When you reach the line with "Used 2024 Jeep" in the data below, begin printing lines exactly, and stop once the line with "Austin, TX 78729" has been printed.
--------------------------------------------------
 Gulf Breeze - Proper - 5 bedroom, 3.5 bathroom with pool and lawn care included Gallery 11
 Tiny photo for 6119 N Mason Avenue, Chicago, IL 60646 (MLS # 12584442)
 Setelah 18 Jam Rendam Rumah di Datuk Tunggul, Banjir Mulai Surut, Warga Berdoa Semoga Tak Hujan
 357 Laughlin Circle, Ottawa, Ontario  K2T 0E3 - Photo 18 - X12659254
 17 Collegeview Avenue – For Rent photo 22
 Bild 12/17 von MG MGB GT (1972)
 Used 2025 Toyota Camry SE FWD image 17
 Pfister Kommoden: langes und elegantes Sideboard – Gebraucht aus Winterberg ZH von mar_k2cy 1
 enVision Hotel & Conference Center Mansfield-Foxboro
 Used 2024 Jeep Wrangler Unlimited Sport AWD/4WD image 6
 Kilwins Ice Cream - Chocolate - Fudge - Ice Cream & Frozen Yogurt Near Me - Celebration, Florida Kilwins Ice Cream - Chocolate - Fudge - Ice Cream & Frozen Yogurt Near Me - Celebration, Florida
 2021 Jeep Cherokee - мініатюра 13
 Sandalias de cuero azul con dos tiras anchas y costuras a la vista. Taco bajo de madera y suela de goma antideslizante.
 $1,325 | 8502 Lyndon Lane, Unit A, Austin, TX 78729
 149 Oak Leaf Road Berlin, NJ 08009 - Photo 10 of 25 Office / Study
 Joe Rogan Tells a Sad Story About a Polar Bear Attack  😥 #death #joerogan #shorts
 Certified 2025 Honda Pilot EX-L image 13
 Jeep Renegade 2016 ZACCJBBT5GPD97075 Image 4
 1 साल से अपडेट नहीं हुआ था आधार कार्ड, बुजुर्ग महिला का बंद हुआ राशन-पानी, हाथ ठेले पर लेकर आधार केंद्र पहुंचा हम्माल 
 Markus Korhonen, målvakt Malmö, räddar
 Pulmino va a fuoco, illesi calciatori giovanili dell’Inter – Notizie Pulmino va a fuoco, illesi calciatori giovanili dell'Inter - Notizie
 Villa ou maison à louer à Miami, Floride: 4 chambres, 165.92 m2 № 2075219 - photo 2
--------------------------------------------------
- _Expected answer_:
 Used 2024 Jeep Wrangler Unlimited Sport AWD/4WD image 6
 Kilwins Ice Cream - Chocolate - Fudge - Ice Cream & Frozen Yogurt Near Me - Celebration, Florida Kilwins Ice Cream - Chocolate - Fudge - Ice Cream & Frozen Yogurt Near Me - Celebration, Florida
 2021 Jeep Cherokee - мініатюра 13
 Sandalias de cuero azul con dos tiras anchas y costuras a la vista. Taco bajo de madera y suela de goma antideslizante.
 $1,325 | 8502 Lyndon Lane, Unit A, Austin, TX 78729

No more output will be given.